While the system described in Turner (2003) does address the issue of gain constraints in the proposed bounded-derivative-network (BDN), the training of the BDN is performed with explicit access to inputs and outputs of the trained model (similar to conventional training of a stand-alone neural network by a NLP solver), and the issue of bounded derivatives when a FP block appears in series with the output of the BDN is not addressed. More specifically, the bounded derivative network of Turner is used in a Wiener model architecture or structure (i.e. in a series connection with a linear state space model) to construct a nonlinear model for a physical process. The Weiner model architecture is illustrated in FIG. 4A, where a static nonlinear model follows a linear dynamic model 402. Thus, the BDN of FIG. 3 may be considered a special case of the Weiner model of FIG. 4A.
According to the Wiener model structure, the modification of the BDN will only affect the effective gain(s) between the inputs and outputs of the model. The identification of the dynamic behavior of the physical process occurs prior to the training of the BDN, and so changes in the state space model may require re-training of the BDN model. Indeed, the entire theory behind the training of the BDN in Turner (2003) is developed to ensure accurate representation of the process gains in the model.
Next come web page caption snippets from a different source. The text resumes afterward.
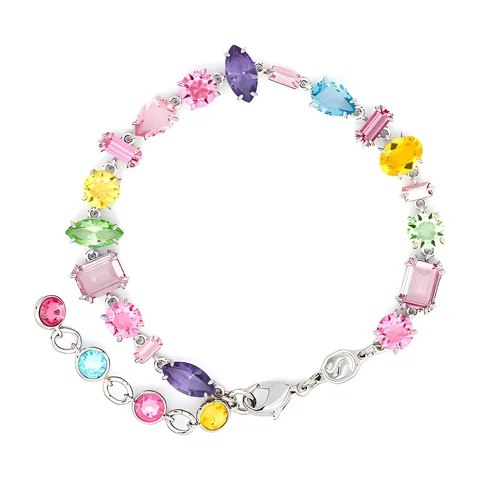Swarovski Gema Bracelet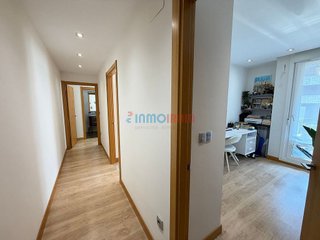 Piso en venta en Lazkao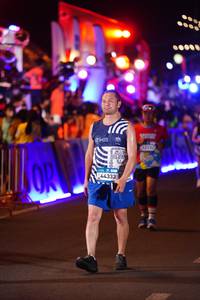 BIB: 
                            <button type="button" onclick="openModal(23632547)" class="btn btn-primary btn-sm float-right btn-popup" data-toggle="modal" data-target=".modal-high-quality">
                        <i class="fas fa-shopping-cart"></i> Add to Cart
                    </button>
                                            <button type="button" onclick="isThisMe(23632547, true)" class="btn btn-success btn-sm float-right btn-popup btn-isme hidden" data-toggle="tooltip" data-placement="bottom" title="นี่คือรูปของคุณใช่ไหม คลิกที่นี่เพื่อเอาเข้าอัลบั้ม">
                        <i class="fas fa-plus"></i> Add to album
                    </button>
                    <button type="button" onclick="isThisMe(23632547, false)" class="btn btn-warning btn-sm float-right btn-popup btn-isnotme hidden">
                        <i class="fas fa-ban"></i> Remove from album
                    </button>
In an alternative but similar approach, FIG. 4B illustrates a Hammerstein model, where the nonlinear static model 404 precedes the linear dynamic model 402. Similar to the Weiner model structure, the nonlinear static model 404 and the linear dynamic model 402 are developed or trained in isolation of each other, and so modifications in the dynamic model 402 generally requires re-training of the nonlinear static model 404. Further information regarding Weiner and Hammerstein models may be found in Adaptive Control, 2nd Edition. 1994, by K. Astrom and B. Wittenmark.
Thus, improved systems and methods for combined models and their use are desired.